Bridging Physically Based Rendering and Diffusion Models with Stochastic Differential Equation
This work addresses the need for fine-grained physical control in generative AI for applications in computer graphics and visual effects, representing an incremental advancement by extending existing diffusion models with physical characteristics.
The paper tackled the problem of limited explicit control over physically grounded shading and material properties in diffusion-based image generators by proposing a unified stochastic formulation that bridges Monte Carlo rendering and diffusion models, enabling physically grounded control over diffusion-generated results across tasks like rendering and material editing.

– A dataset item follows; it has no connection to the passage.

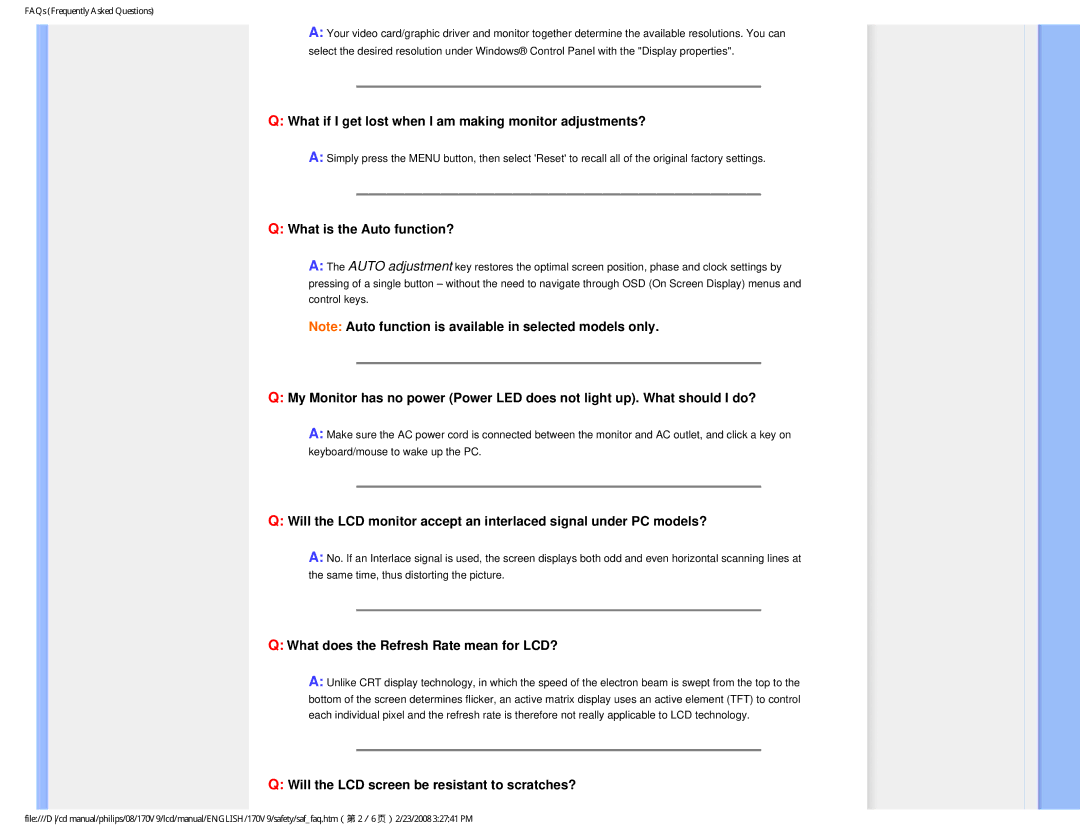 Philips 170V9 user manual What if I get lost when I am making monitor adjustments?, What is the Auto function?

Diffusion-based image generators excel at producing realistic content from text or image conditions, but they offer only limited explicit control over low-level, physically grounded shading and material properties. In contrast, physically based rendering (PBR) offers fine-grained physical control but lacks prompt-driven flexibility. Although these two paradigms originate from distinct communities, both share a common evolution -- from noisy observations to clean images. In this paper, we propose a unified stochastic formulation that bridges Monte Carlo rendering and diffusion-based generative modeling. First, a general stochastic differential equation (SDE) formulation for Monte Carlo integration under the Central Limit Theorem is modeled. Through instantiation via physically based path tracing, we convert it into a physically grounded SDE representation. Moreover, we provide a systematic analysis of how the physical characteristics of path tracing can be extended to existing diffusion models from the perspective of noise variance. Extensive experiments across multiple tasks show that our method can exert physically grounded control over diffusion-generated results, covering tasks such as rendering and material editing.